Actually, when my kids were little, I had a fox terrier that climbed up the chair and onto the kitchen table, then proceeded to eat my 10 year old daughter's birthday cake, before she even got to see it. 
We who love animals have to deal with certain issues. 

Do you have any canned tuna, chicken, clams or such? Any bacon or sausage? 
Those noodles will be so rich and delicious, you won't need much. Make sure you get some peas or broccoli in there too...that will add a lot of flavor.

Never fear...grandma's here!


----------



## urmaniac13 (Nov 16, 2005)

Your incident reminds me of the film Christmas Story, the battle of the father vs. unruly bunch of canines from the neighbour!!   

Sorry I didn't want to make fun of such an urgent emergency, but I would think chicken version of stroganoff could be pretty good, too... I never tried the stroganoff itself with chicken but I cooked chicken with creamy sauces and mushrooms many times and they are always delicious... I would give it a try!


----------



## Olive_Oyl (Nov 16, 2005)

No..I dont have much..and I cant really run to the grocery store..we used the broccoli last nite...what about just making an easy spaghetti sauce or something...do you know of a quick and easy recipe like that...what do you think about the chicken cass....idea..but i only have 21 oz of cream o chicken..and it calls for 26 oz..with 6 chicken breasts...?


----------



## pdswife (Nov 16, 2005)

your cass. would work.  Just add a little bit of milk.


----------



## urmaniac13 (Nov 16, 2005)

Olive, thaw the chicken in a micro with a very low setting, if you use too much power it will cook on the outside while the inside remain frozen. 
Do you have some fresh veg, like some leftover of broccoli, carrots, zucchini, onions, bell peppers? If you do you can julienne them, then stir fry them and the chicken strips with evoo or butter, garlic and salt and pepper. Then toss it with the pasta... simple but a very colourful pleasant looking result, not to mention pleasant tasting!


----------



## Olive_Oyl (Nov 16, 2005)

Yes!! Ok..how much milk...Heres the recipe...if you dont mind taking a look at it...www.wreg.com/Global?story.asp?S=1919085
..And thawing out my chicken..time defrost..Pwr-1 right?
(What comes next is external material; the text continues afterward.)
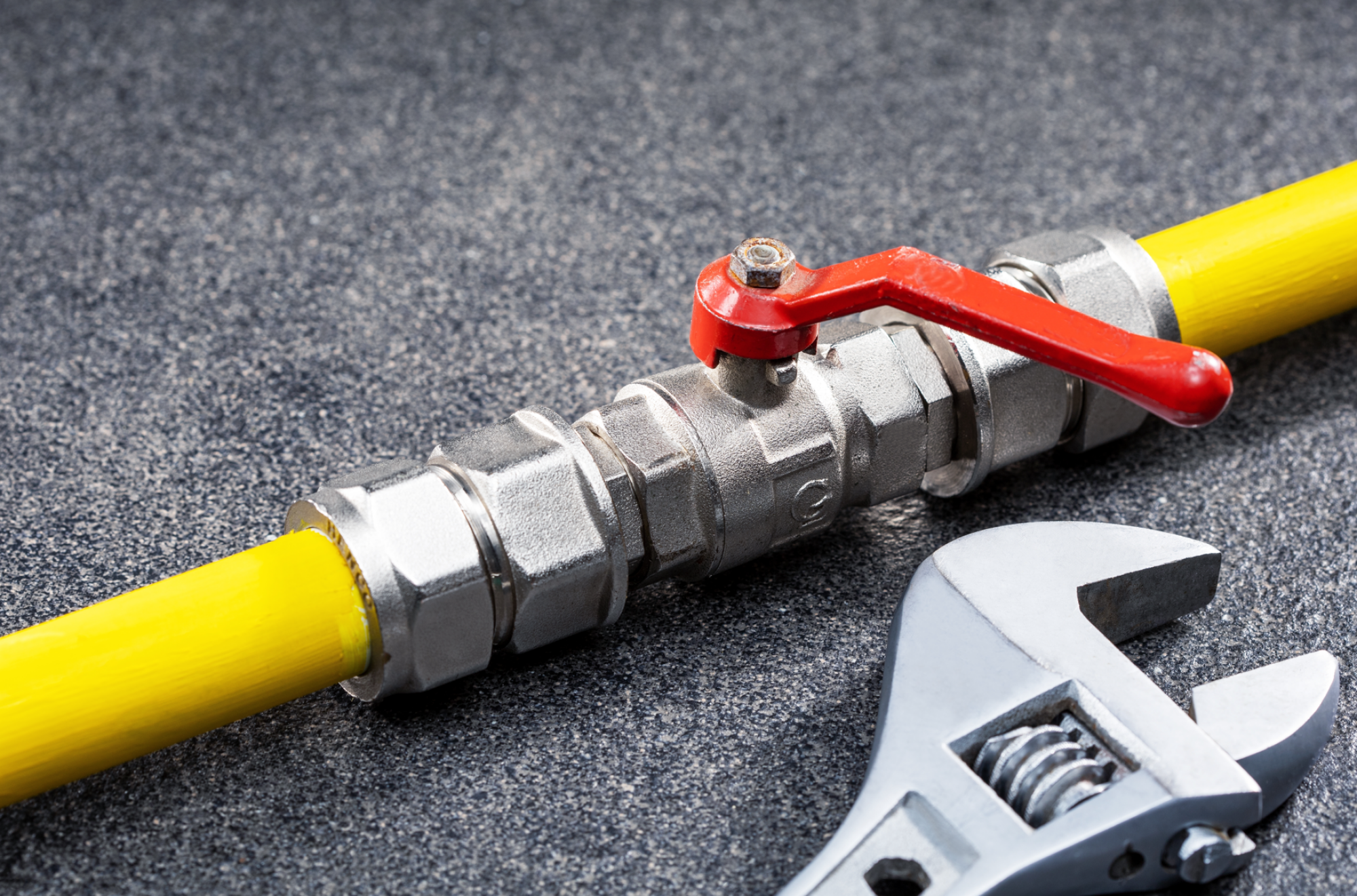 Changer un robinet d'arrivée de gaz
For how long..?? Thanks sooo much!


----------



## Michael in FtW (Nov 16, 2005)

Okay gang, the link was wrong ... the "?" after "Global" should have been a "/" - here is the correct link for the Chicken and Egg Noodle Casserole Olive is trying to make.

Now that I have seen the recipe ... if your microwave as a defrost setting use it. If not - use low power and figure on about 8-minutes per pound. You'll want to check it every 4-5 minutes and separate the pieces as they come loose from each other. Since your going to par-boil them first anyway - getting cooked a little on the outside isn't going to be a problem.

As for the soup - the way it is used I wouldn't worry. But, you could add about 1/2 milk to stretch it out.


----------